以後も、青暗い画面、突然のSEによるショッカー演出、テンポのよさ、そして血みどろ……と、手堅い作りでお話は進んでいく。
ゴシック調のデパートを舞台とした点が正解。なんか起こりそうな雰囲気に満ちている。プロダクションデザインは『ターミネーター2』や『スピード2』などのジョセフ・ネメックIII世で、美術スタッフには『アンダーワールド』や『AVP』に参加した人の名も見える(デイジーとマイケルの子ども部屋に『ツバサクロニクル』や『ネギま!』のポスターが貼ってあったのが不思議)。
見えそうで見えない、あっやっぱり見えちゃった、という陰影もスリリング。鏡を多用しているだけに、映り込みの処理にも気を遣っただろうと感じさせる。撮影は『パリ、ジュテーム』の「ペール・ラシェーズ墓地」でウェス・クレイヴンと組んだほか、オカルトも数多く手がけているらしいマキシム・アレクサンドルだ。
音楽は『パンズ・ラビリンス』や『デビルズ・バックボーン』のハビエル・ナバレテ。
やっぱり“本職”の人たちが参加すると、ちゃんとしたカタチのオカルト作品になるのだなぁ、という印象の仕上がりである。
ただ、それ以上ではない。
見せかたは手堅いんだけれど、「この映画といえばコレ」という光るものはナシ。
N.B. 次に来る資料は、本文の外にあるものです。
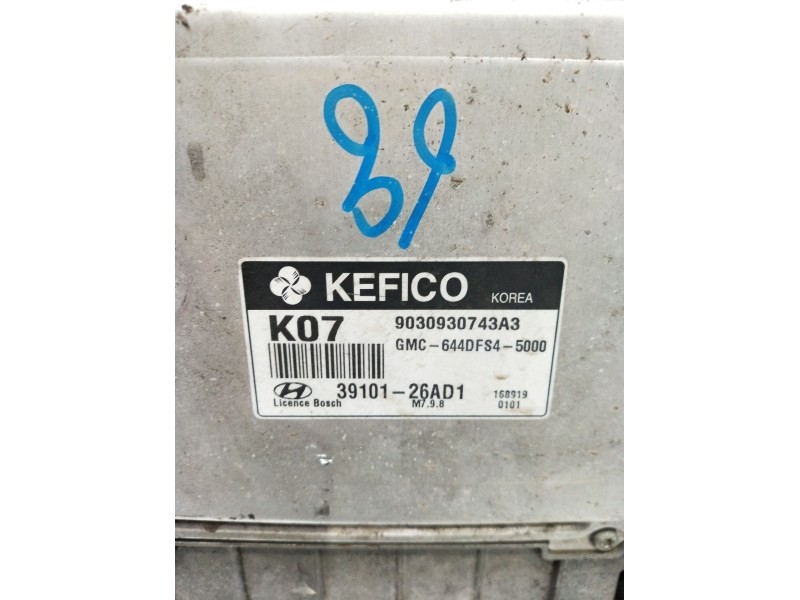 Recambio de centralita motor uce para hyundai accent iii (mc) 1.4 gl referencia OEM IAM 3910126AD1 9030930743A3 GMC644DFS45000 2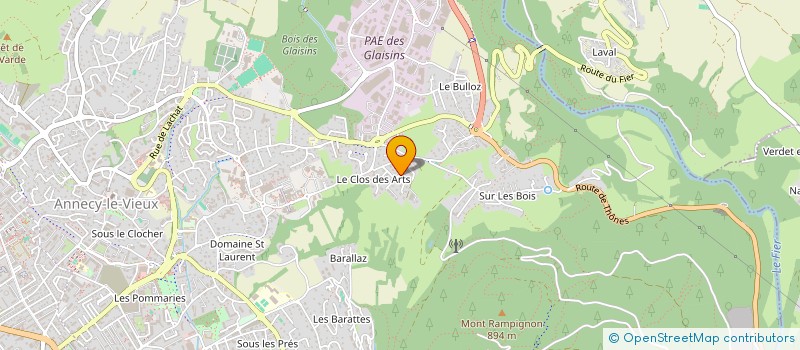 localisation de l'entreprise HOLDING MYARI à ANNECY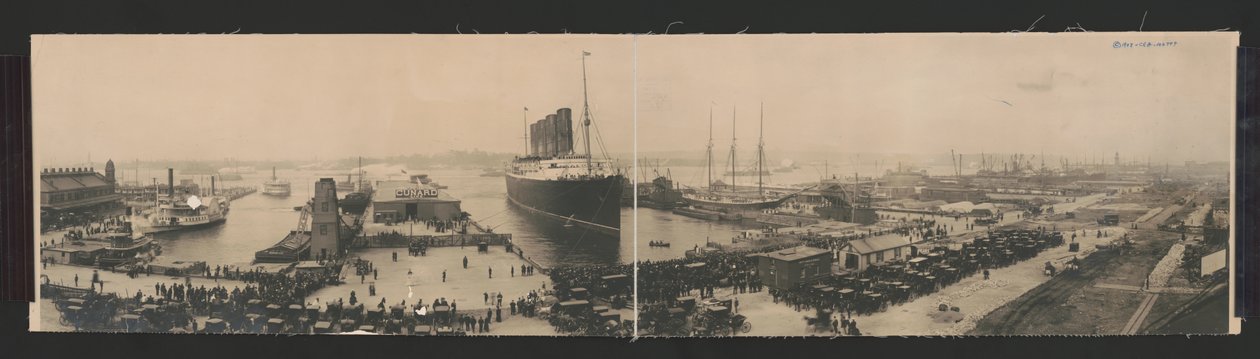 A Lusitania a rekordút végén alkotó: N.W. Penfield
ストーリーも例によって「主人公が誰にも信用してもらえず、ひとりでジタバタ」系だし、ラストはバカ・アクション。すべての根源を滅ぼすという大切な行為についての伏線は用意されていない。
もはや何をやってもジャック・バウアーなキーファー・サザーランドが意外と頑張ってベン・カーソンになっているものの、じゃあベン・カーソンが印象に残る人物かというとそうでもない。
全体として、つまらなくはないし、破綻しているわけでもないし、デキとしては上々なんだけれど、強く印象には残らない映画。
本作のオリジナルである韓国映画『Mirror 鏡の中』(監督キム・ソンホ)は未見だが、どうやらもっと凝ったシナリオらしい。そっちのほうを見てみたいものだ。